Wherever pictures appear in the listing below, leave them out, and copy exactly, and only, everything from the line with "NABD Blue Badge Holder - Image 9" down to the line with "Čalúnená váľanda s".

**Records for the task:**
══════════

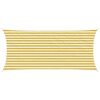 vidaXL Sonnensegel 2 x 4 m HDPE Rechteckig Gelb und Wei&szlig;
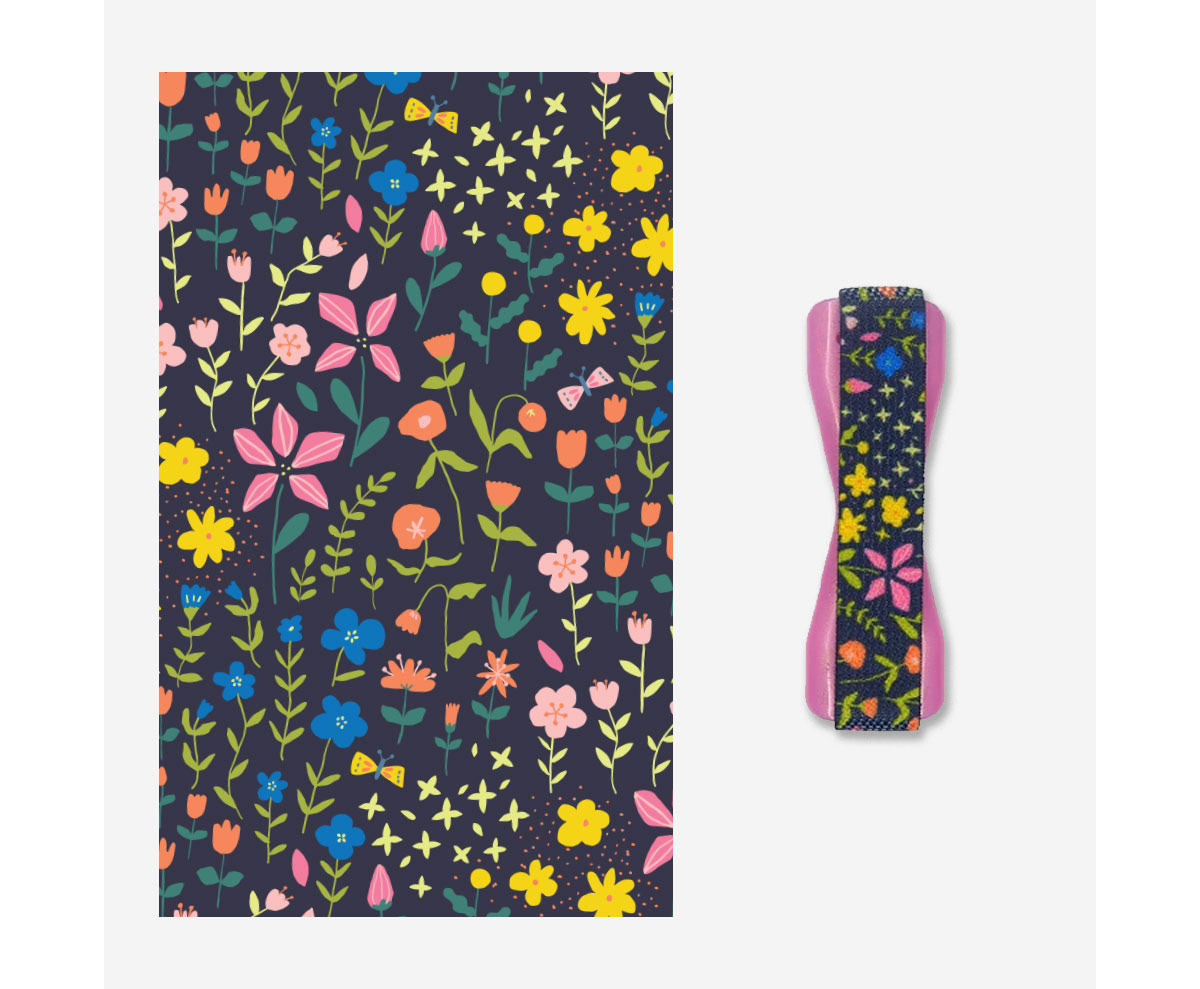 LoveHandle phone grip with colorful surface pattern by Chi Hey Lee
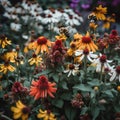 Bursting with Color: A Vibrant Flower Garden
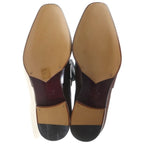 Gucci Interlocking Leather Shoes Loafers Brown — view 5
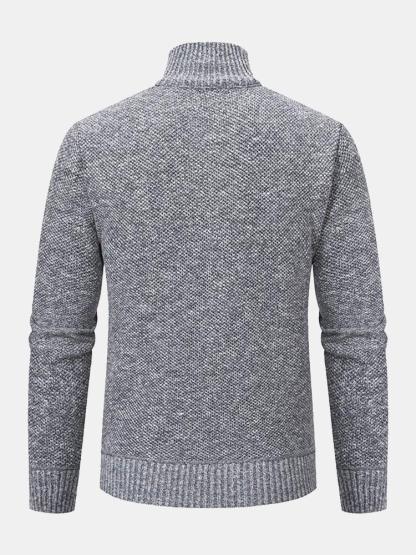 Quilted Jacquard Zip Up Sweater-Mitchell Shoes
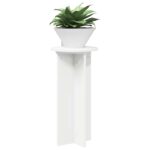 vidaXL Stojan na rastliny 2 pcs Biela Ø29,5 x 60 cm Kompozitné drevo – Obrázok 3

══════════

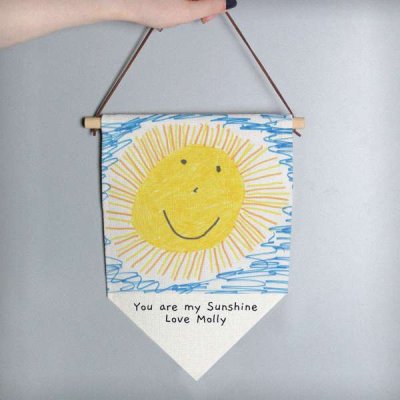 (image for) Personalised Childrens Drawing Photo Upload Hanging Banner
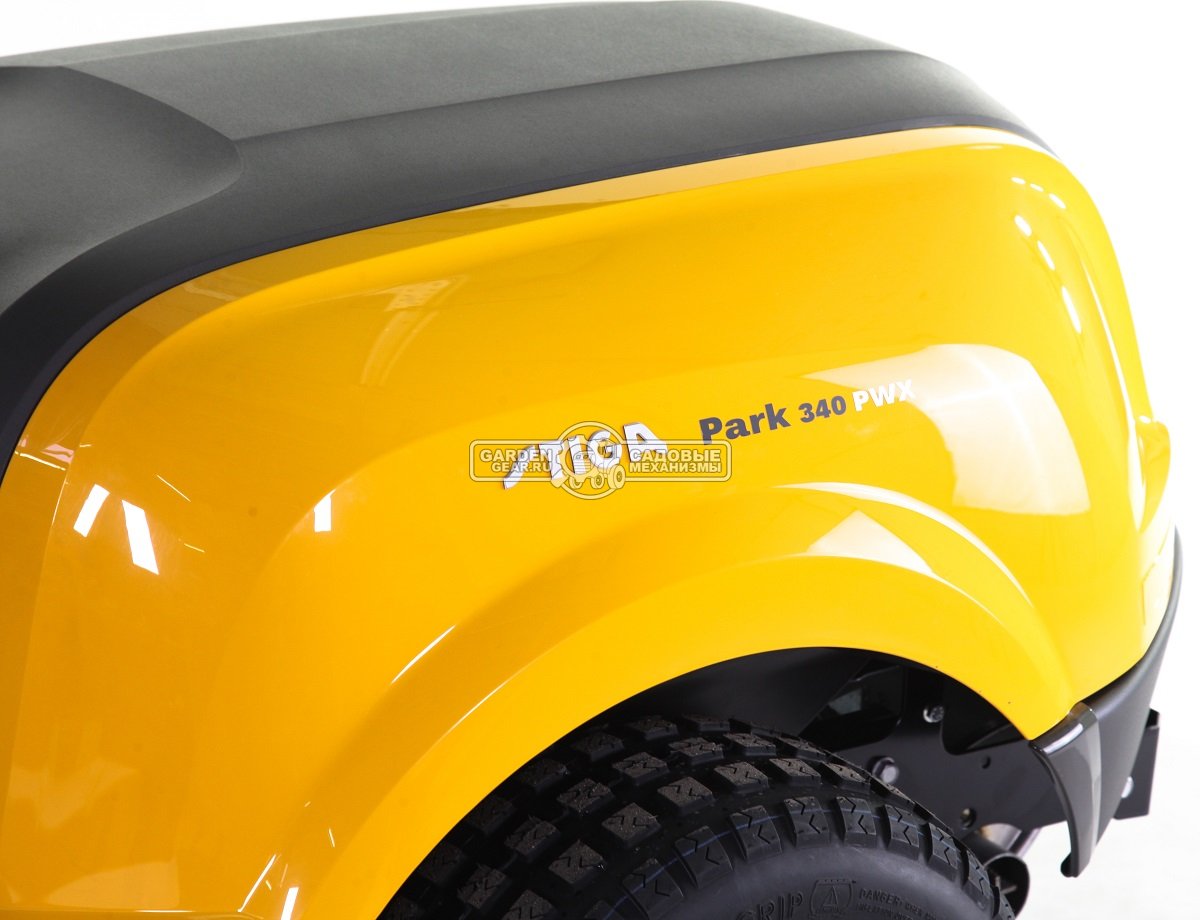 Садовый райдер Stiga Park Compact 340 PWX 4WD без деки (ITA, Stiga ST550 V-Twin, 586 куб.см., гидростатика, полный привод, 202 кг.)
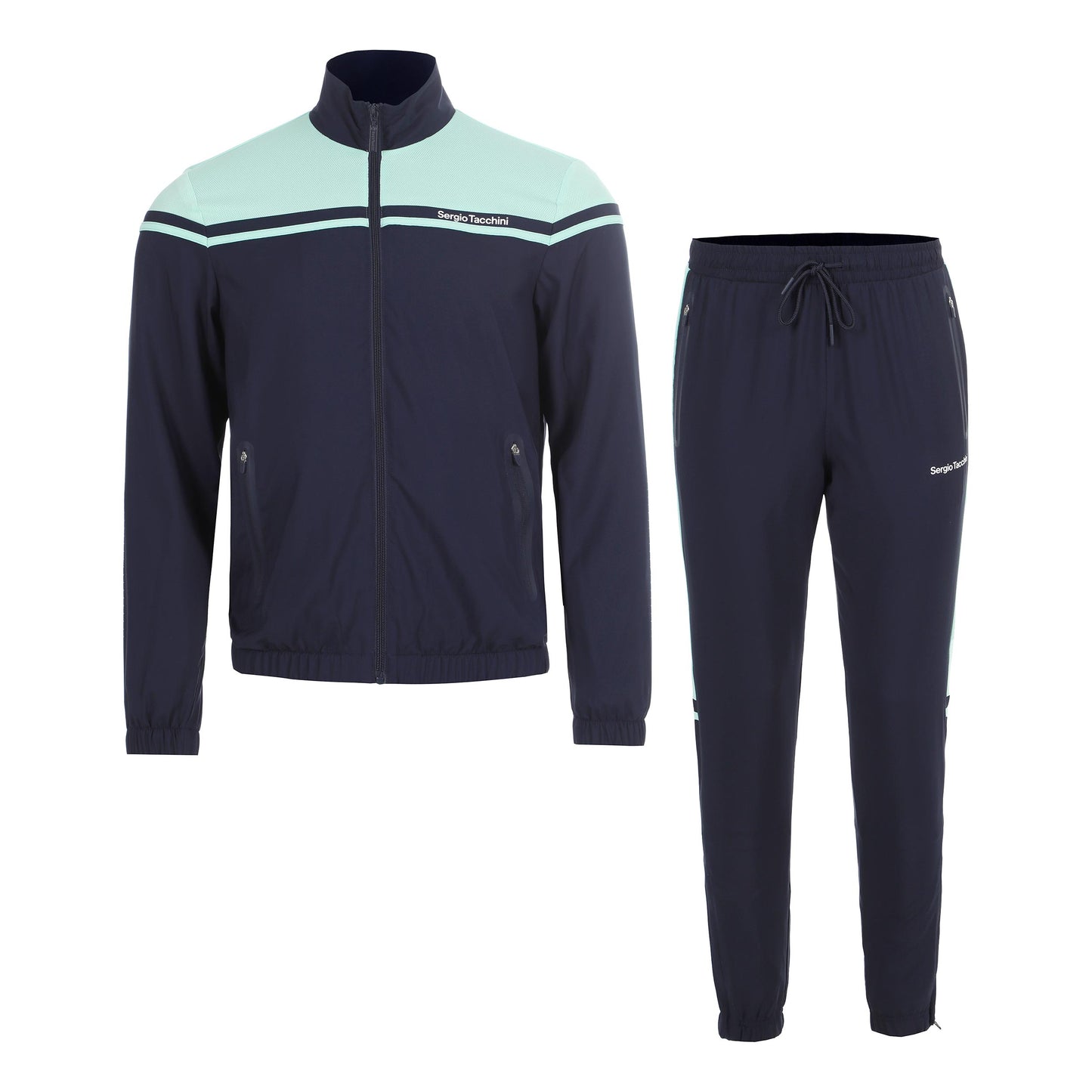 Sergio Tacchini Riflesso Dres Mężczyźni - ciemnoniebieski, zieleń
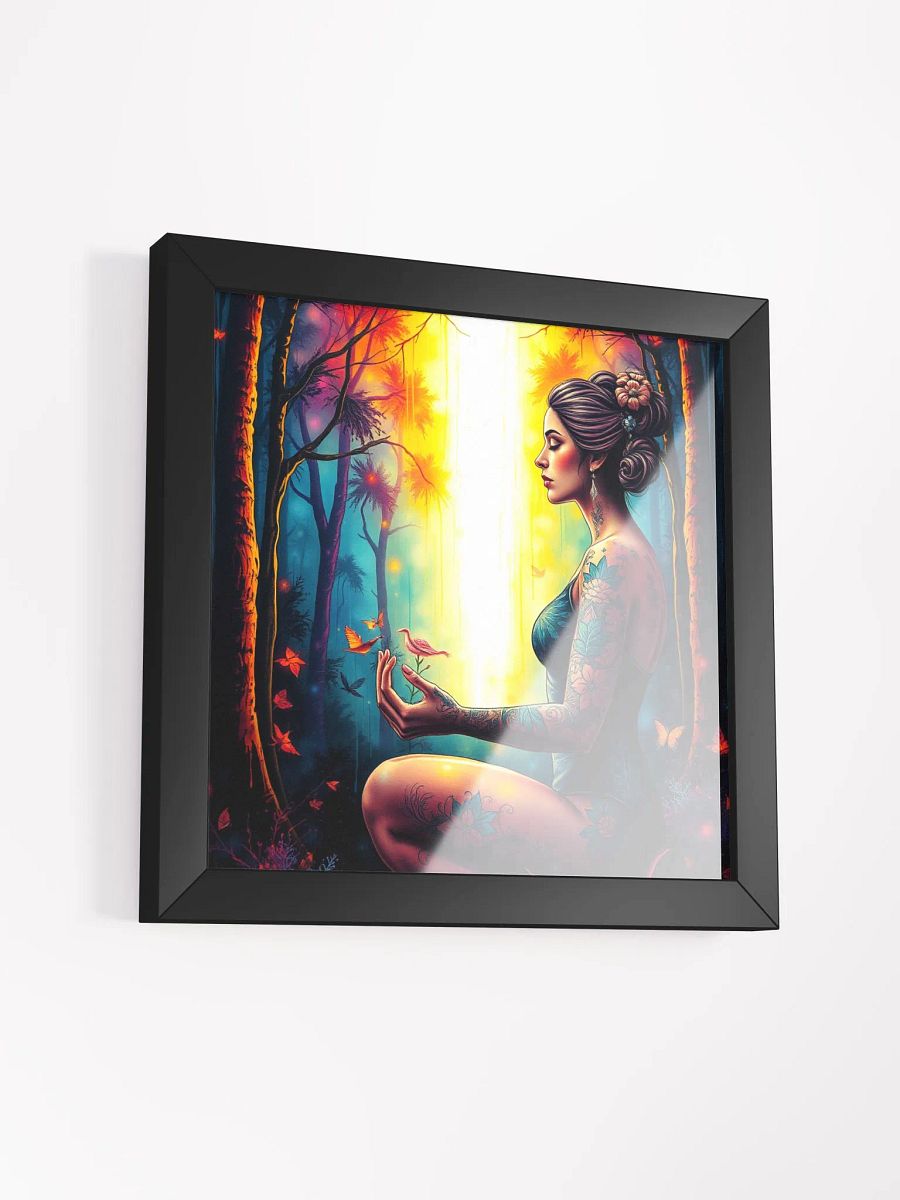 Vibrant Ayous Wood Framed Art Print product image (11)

══════════

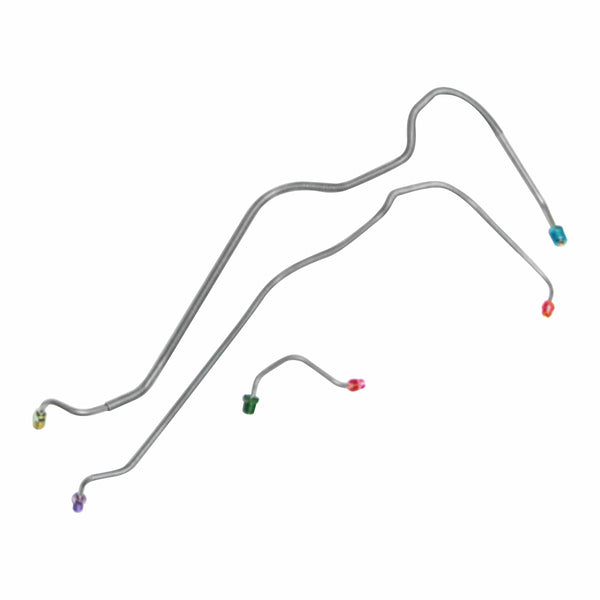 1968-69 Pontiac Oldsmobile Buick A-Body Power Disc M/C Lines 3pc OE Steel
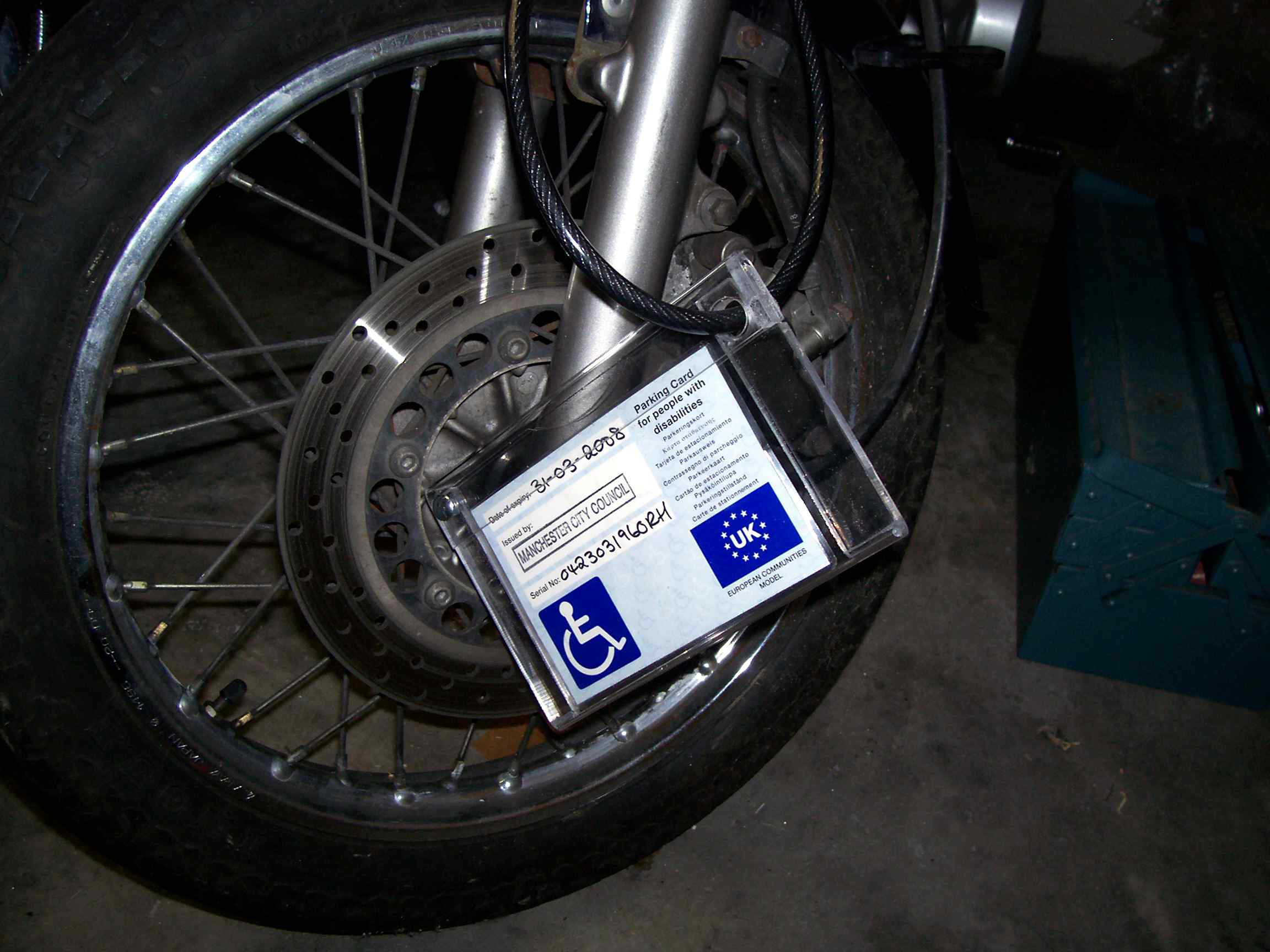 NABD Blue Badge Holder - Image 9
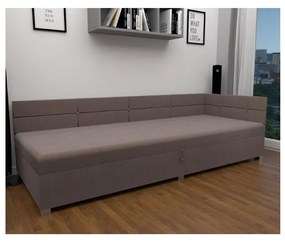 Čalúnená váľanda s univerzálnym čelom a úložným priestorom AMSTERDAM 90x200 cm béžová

══════════

**Problem solution:**
 NABD Blue Badge Holder - Image 9
 Čalúnená váľanda s univerzálnym čelom a úložným priestorom AMSTERDAM 90x200 cm béžová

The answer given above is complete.